大伯父・永井博士の如己堂巡り 現代美術家・深堀さん 創作ルーツに思いはせ

如己堂を見つめる深堀さん=長崎市上野町

 独自の技法で本物のような金魚を描く現代美術家、深堀隆介さん(48)=神奈川県=が12日、大伯父で、長崎の被爆医師、故永井隆博士が晩年を過ごした書斎兼住居の如己堂(長崎市上野町)などを巡り、創作活動のルーツに思いをはせた。
 深堀さんは、同市出島町の県美術館で開催中の個展「深堀隆介展『金魚鉢、地球鉢』」(長崎新聞社、県美術館主催、西日本シティ銀行・長崎銀行特別協賛、4月18日まで)に合わせて来崎した。
 深堀さんは、愛知県出身だが、両親が本県出身。祖父は永井博士の弟で、長崎とゆかりが深い。子どもの頃は、如己堂に隣接していた祖父母の家を訪れていたという。
 数年ぶりに如己堂に足を運んだという深堀さんは、建物をまじまじと見つめ、「昔見たときとまったく変わっていない。今でも永井博士がいるような気がするほど神聖さが伝わってくる」と感想。二畳一間の四角い部屋と、酒升の中で泳ぐ金魚を描いた代表作「金魚酒」を重ね、「子どもの頃から四角で狭い空間のものに魅力を感じ、作品としても生かしてきた。如己堂と似ている。何げなく見ていた建物が、自然と心の中で息づいていたのだろう」と感慨深そうに話した。
 その後、隣接する市永井隆記念館(上野町)に移り、永井博士の孫で、館長の永井徳三郎さん(55)と交流。2人はふたいとこ。深堀さんは永井さんから、永井博士が如己堂で白血病と闘いながらも平和を訴え、執筆活動をしていたことなどを熱心に聞いた。
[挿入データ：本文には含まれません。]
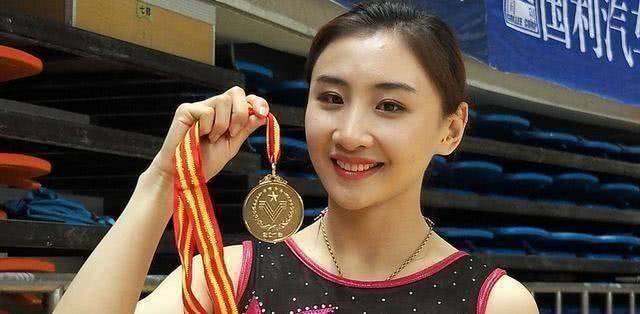 原创蹦床女神何雯娜近况曾受伤后不忘训练如今29岁仍单身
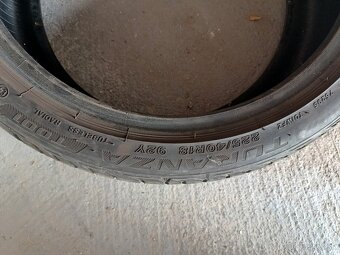 225/40 R18 letne - 4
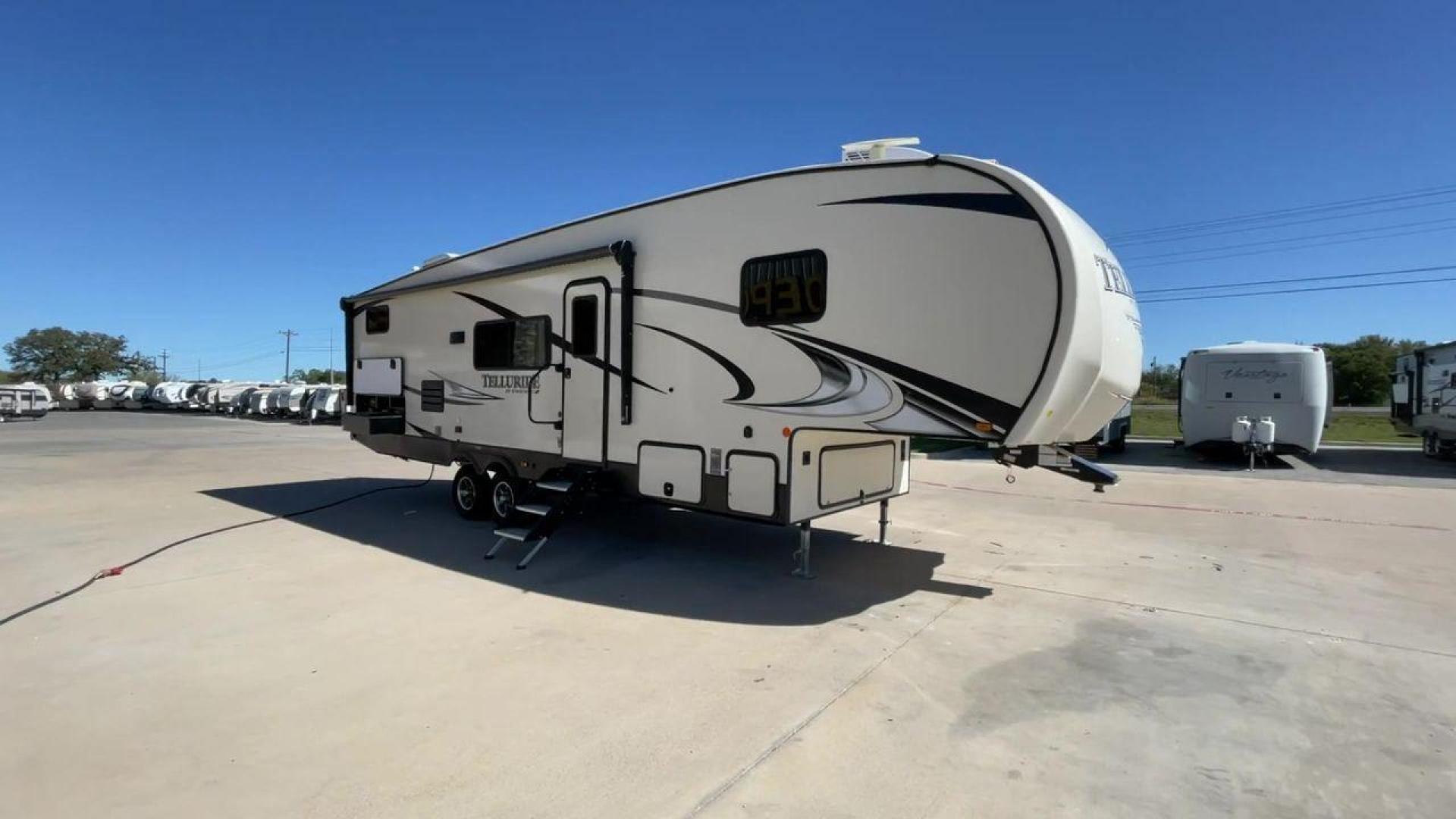 2021 STARCRAFT TELLURIDE 297BHS (1SACS0BS6M3) , Slides: 2 transmission, located at 4319 N Main St, Cleburne, TX, 76033, (817) 678-5133, 32.385960, -97.391212 - Discover the ultimate blend of luxury and adaptability with the 2021 Starcraft Telluride 297BHS. This fifth wheel comes with two slideouts and a spacious 21-foot power awning, providing plenty of room for outdoor relaxation and entertainment. Designed to comfortably accommodate up to 10 people, this - Photo#3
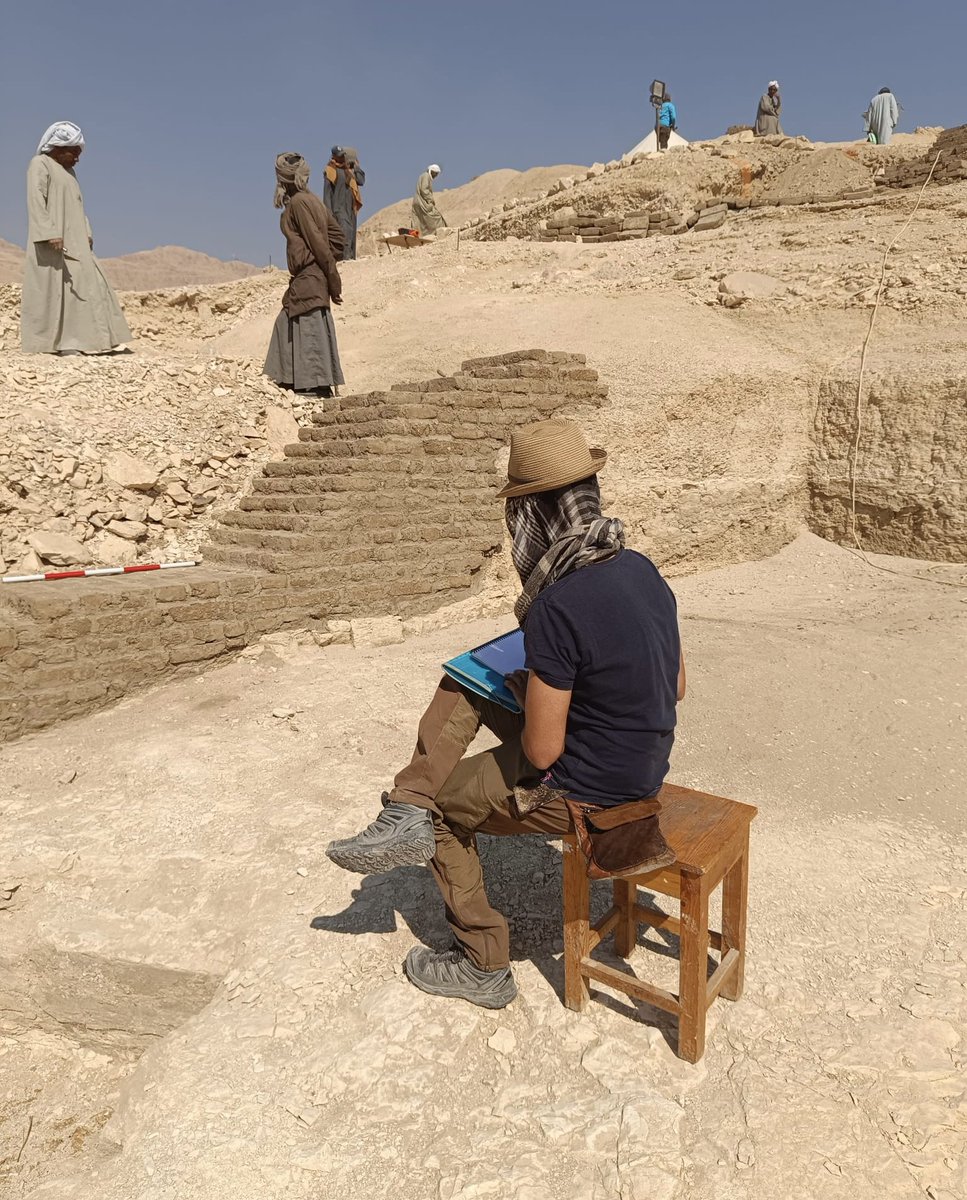 proyecto209's tweet photo. Dani estudia y dibuja el perfil oriental del área WA3.
.
Dani studies and draws the eastern profile of the WA3 area.
.
.
.
#proyecto209 #tt209 #ull #arqueologia #archaeology #egiptologia #egyptology #egyptologie #luxor #egypt #egipto #egypte #arqueologiacanariaenegipto https://t.co/Cv1etJqJOC
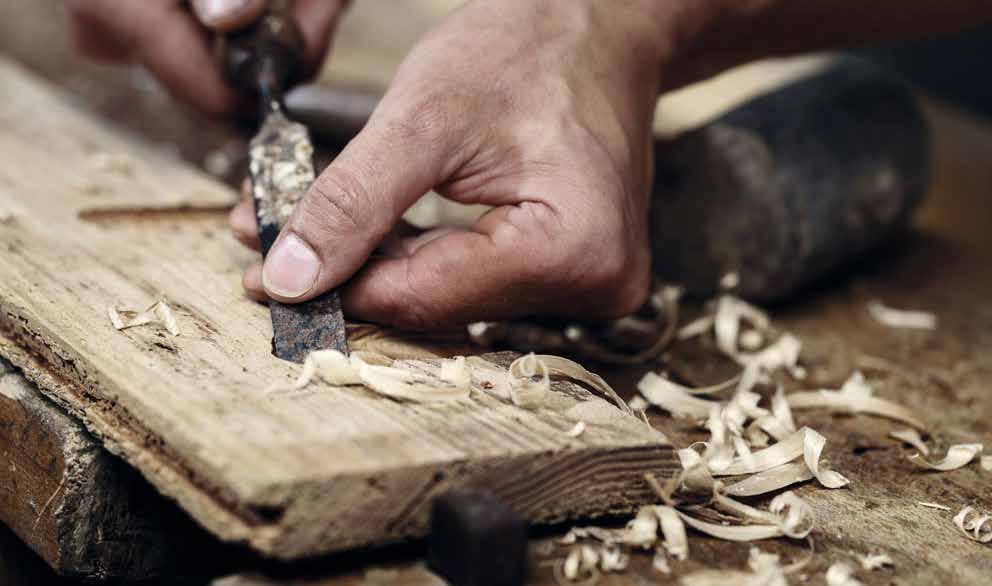 COLLEZIONE CASTAGNO Valorizzare la venatura del legno di castagno Il legno di castagno è un legno pregiato e leggero, ma al tempo stesso solido e resistente.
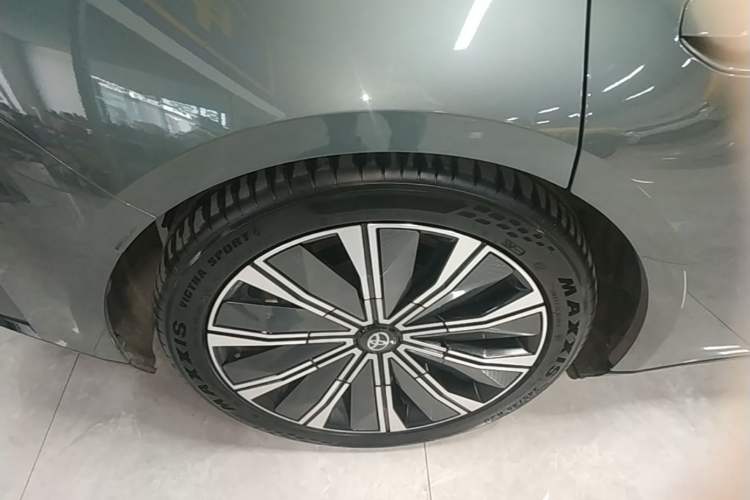 Used Toyota Baozhi 7 2026 710 Ultra LiDAR version Right Rear Wheel Hub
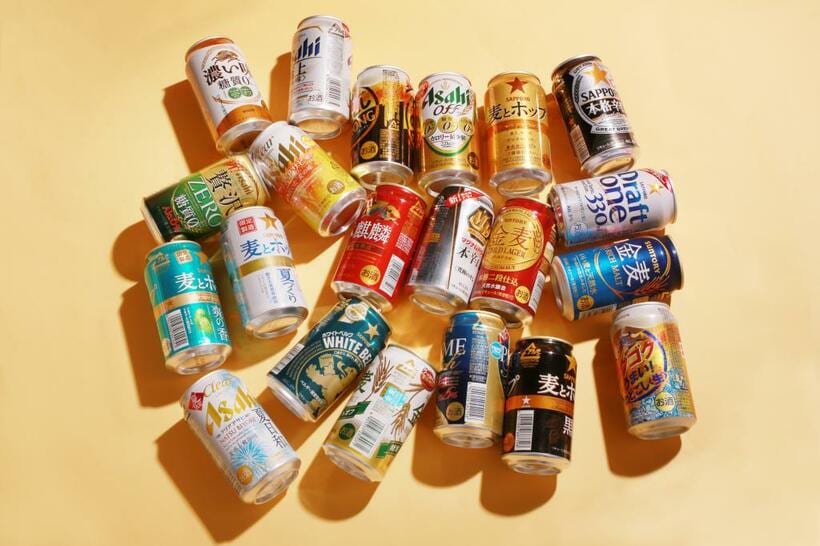 酒販店などでよく見る２１種の第３のビールを飲み比べ。今はビール類の棚で最も種類が多いのは第３のビールという店がほとんど（撮影／写真部・張溢文）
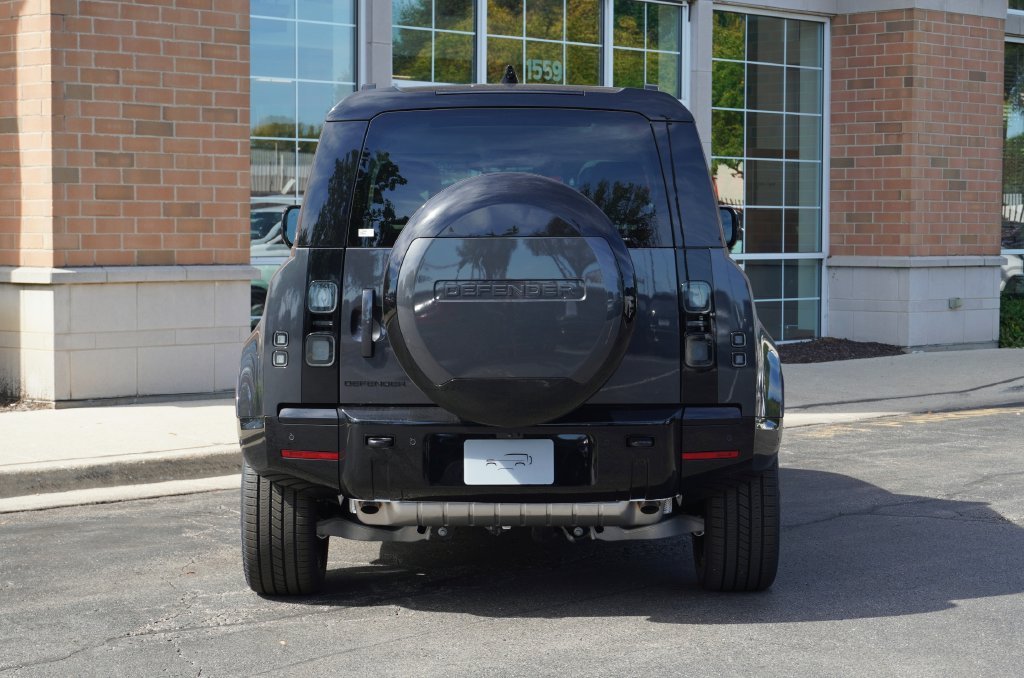 New 2026 Carpathian Grey Land Rover X-Dynamic SE image 5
深堀さんは「私にできることは創作し続けること。芸術表現を通して永井博士のことや原爆のことを子どもたちに伝えていかなければならない」。永井さんは「芸術が持つ可能性をさらに深めて精進してほしい」とエールを送った。
 深堀さんは、同市松山町の平和公園も訪れ、平和祈念像に手を合わせた。